The jewel of Andalucia and the frying pan of the south are just a couple of descriptions used for Seville and it’s hard not to be captivated by this city’s atmosphere, culture and architecture. Seville lies on the banks of the Guadalquivir and is one of the largest historical centres in Europe with enough landmarks to wear down the most ardent sightseer including one of the largest cathedrals in the Christian world, the Alczar Palace and the Giralda tower from which you can get a great view over the city.
The Alczar is Seville’s Alhambra, a World Heritage monument smaller but nevertheless beautiful. It has been expanded or reconstructed many times during 11 centuries of existence which increases its fascination though makes it a complicated building to understand.
Cathedral & La Giralda
Seville’s Cathedral (completed in 1507) is one of the largest in the world – the main building is 126m long and 83m wide. It was and was originally all Gothic, though its central dome collapsed in 1511 was rebuilt in the Renaissance style. The mosque’s beautiful minaret, La Giralda, stands on its eastern side and can be climbed for a great view of the city.
The old tobacco factory
Now part of the University of Seville the massive old tobacco factory used to be the lynchpin of the city’s economy. It was also the workplace of Carmen, inspiration for Bizet’s opera of the same name and was a working factory up until the mid-20th century.
Aire de Sevilla
If you fancy soothing those sightseeing muscles head over to the Arab baths, Aire de Sevilla, with two warm pools and one cold, plus a steam room.
Semana Santa (Easter Week)
Semana Santa celebrations happen all over Spain but Seville has the most famous of all with daily processions. It lasts from Palm Sunday to Easter Sunday and includes the participation of 57 ‘brotherhoods’ from the different barrios (districts) of the city. Those not familiar with the event may find the dress worn by the participants a bit creepy, including peaked hats covering the face that may remind many of the Klu Klux Klan rather than the virgin Mary.
Feria de Abril (April Fair)
The other big event in Seville’s calendar is the Feria de Abril which was created in the mid-19th century as an agricultural and cattle fair. It’s now the biggest party in town and residents work for months to prepare for that week. During the celebration, those attending wear traditional clothing, there’s general partying and lots of flamenco and bullfighting.
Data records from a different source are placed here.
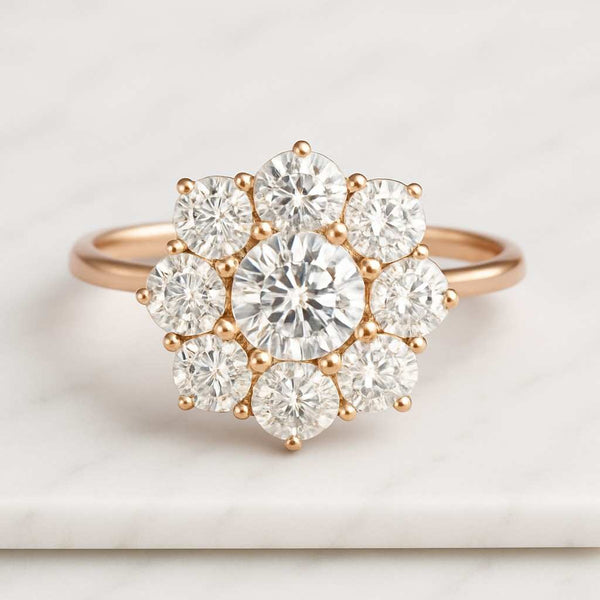 Handcrafted 3 Flower Engagement Ring Gift For Women Round Lab Diamond Flower Halo Engagement Ring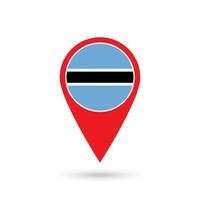 Map pointer with contry Botswana. Botswana  flag. Vector illustration.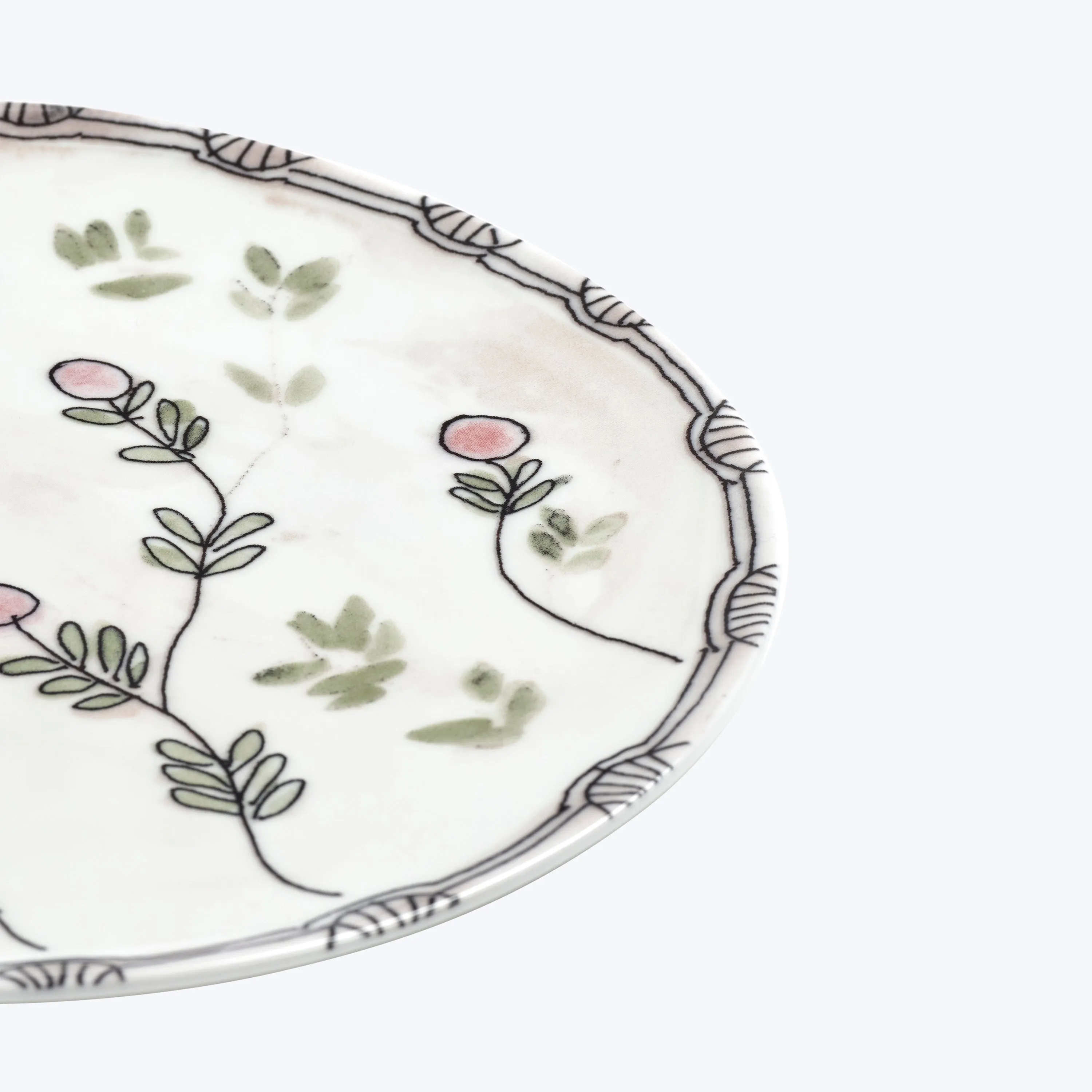 Midnight Flowers Dessert Plate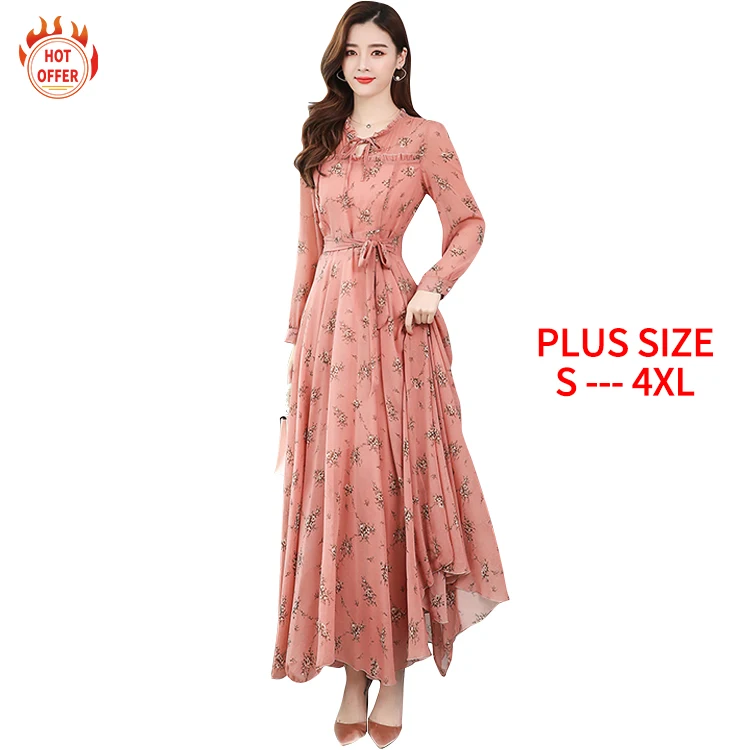 

Hot Sale Round Neck Long Sleeve Stylish Sexy Elegant Chiffon Floral Maxi Woman's Summer Casual Plus Size Dress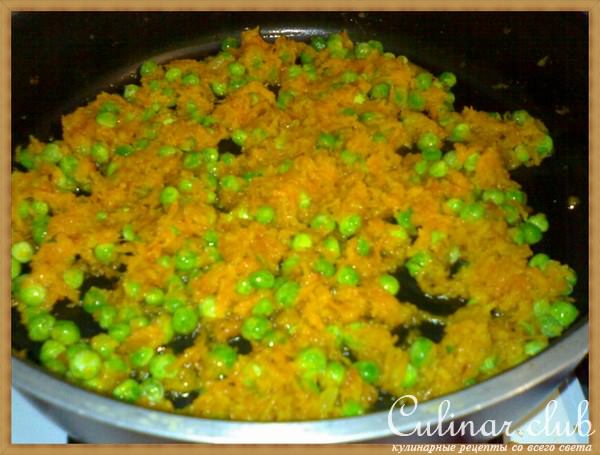 Плов из макарошек "кускус" с зеленым горошком (скоро-оперативный ужин,часть 1)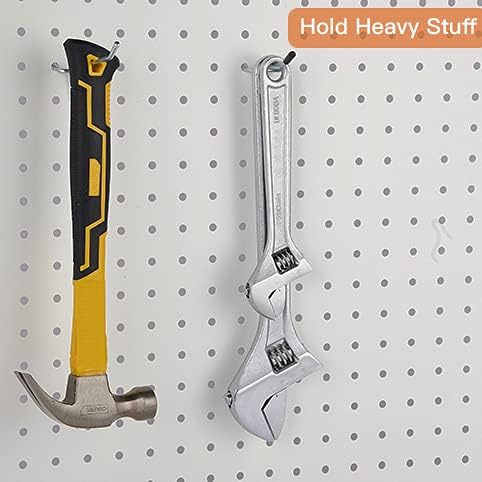 L Shape Pegboard Hooks, 4 Inch 50-Pack, Sturdy Galvanized Metal, Suitable for 1/4 and 1/8 Inch, Rubber Tipped, For Garage, Office, Kitchen, Store (Silver)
On average Seville has over 230 days per year with temperatures above 20C (68F) and in the summer Seville gets hot, very hot. Temperatures average around 36C (97F) in July and August. Winter can get cold and rainfall is most common between November and February and during April.
Getting around Seville
Most of the sights in Seville are within walking distance of each other or if you want to brave the traffic cycling is also an easy way to get around the city due to the flat terrain. There’s also a good bus network.